··· GIVEN DATA ···

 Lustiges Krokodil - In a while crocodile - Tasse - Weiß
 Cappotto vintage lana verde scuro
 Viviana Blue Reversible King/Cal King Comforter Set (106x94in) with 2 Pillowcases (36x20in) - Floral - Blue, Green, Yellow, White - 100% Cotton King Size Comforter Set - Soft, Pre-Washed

···
··· GIVEN DATA ···

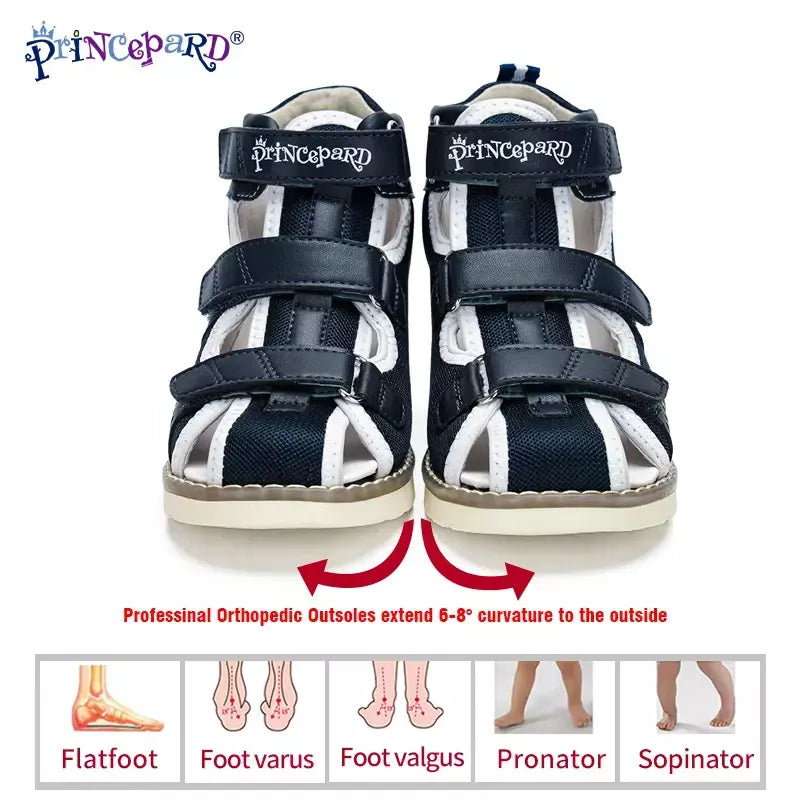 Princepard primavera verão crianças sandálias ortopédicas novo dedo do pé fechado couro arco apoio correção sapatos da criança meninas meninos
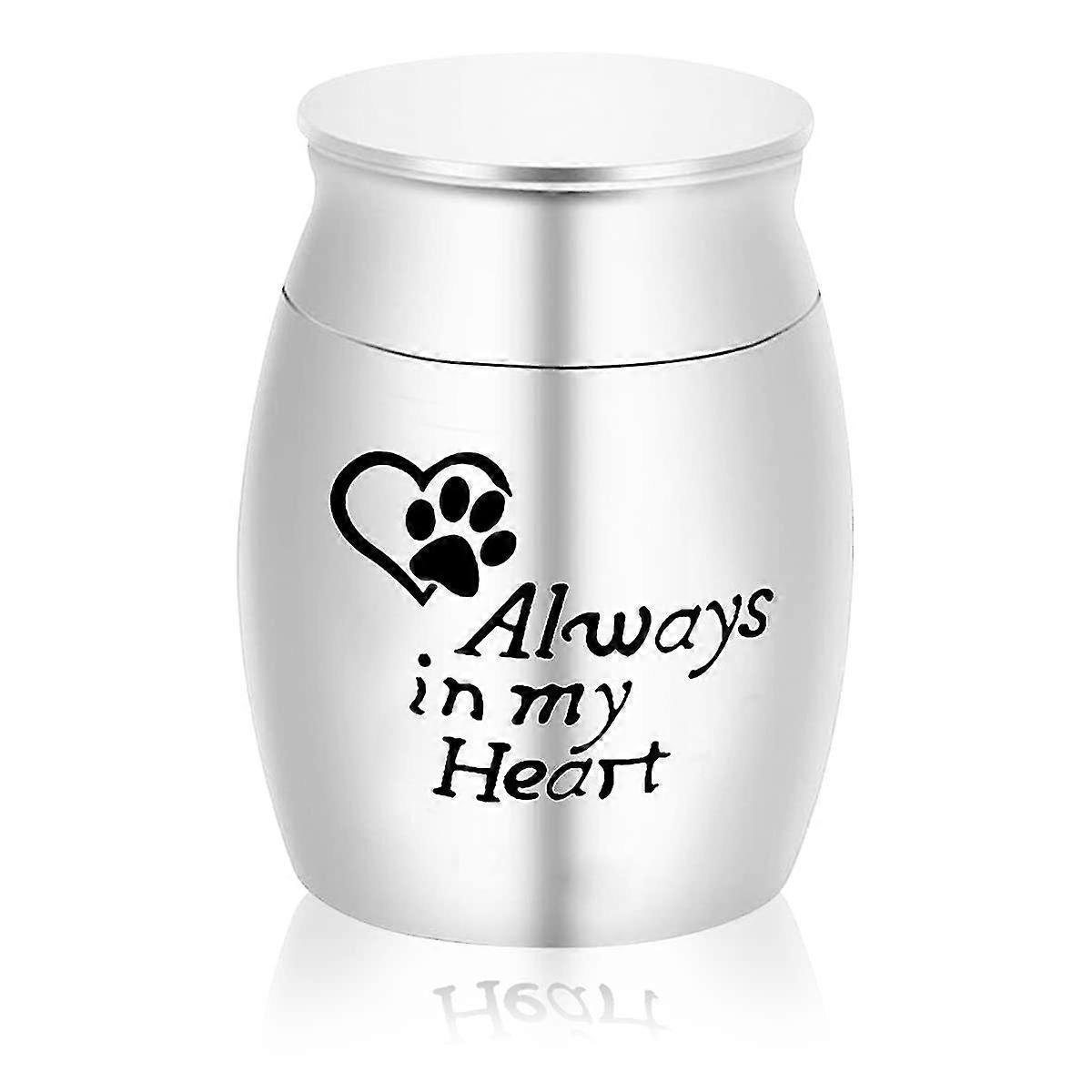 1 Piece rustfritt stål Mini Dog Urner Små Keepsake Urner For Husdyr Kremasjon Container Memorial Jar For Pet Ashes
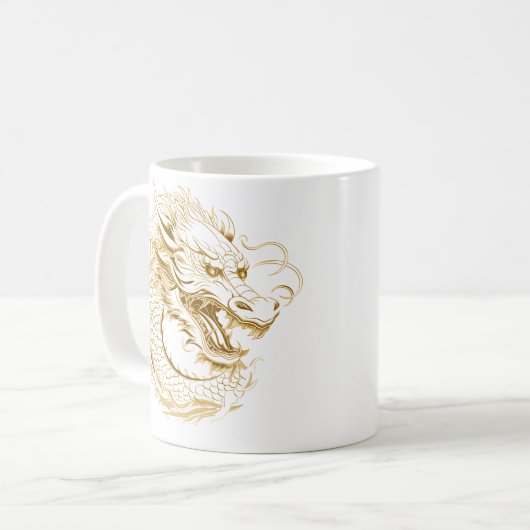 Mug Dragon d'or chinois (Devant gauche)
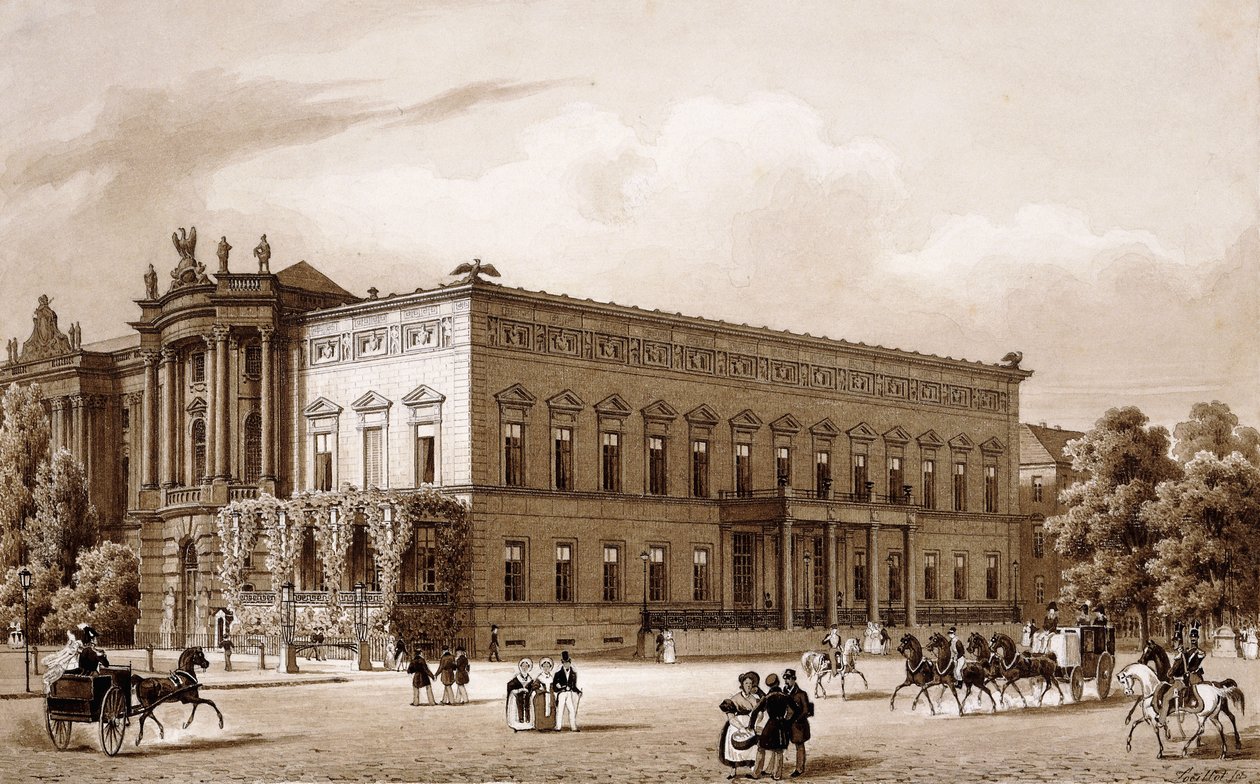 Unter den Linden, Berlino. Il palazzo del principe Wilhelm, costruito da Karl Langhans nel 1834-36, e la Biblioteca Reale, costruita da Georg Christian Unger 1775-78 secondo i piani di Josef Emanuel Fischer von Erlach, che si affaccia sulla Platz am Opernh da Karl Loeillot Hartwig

···

TASK TO COMPLETE: Repeat exactly the stretch of the listing above that starts with the line holding "1 Piece rustfritt" and finishes with the line holding "Unter den Linden, Berlino.", both included. Skip every picture.

RESPONSE:
 1 Piece rustfritt stål Mini Dog Urner Små Keepsake Urner For Husdyr Kremasjon Container Memorial Jar For Pet Ashes
 Mug Dragon d'or chinois (Devant gauche)
 Unter den Linden, Berlino. Il palazzo del principe Wilhelm, costruito da Karl Langhans nel 1834-36, e la Biblioteca Reale, costruita da Georg Christian Unger 1775-78 secondo i piani di Josef Emanuel Fischer von Erlach, che si affaccia sulla Platz am Opernh da Karl Loeillot Hartwig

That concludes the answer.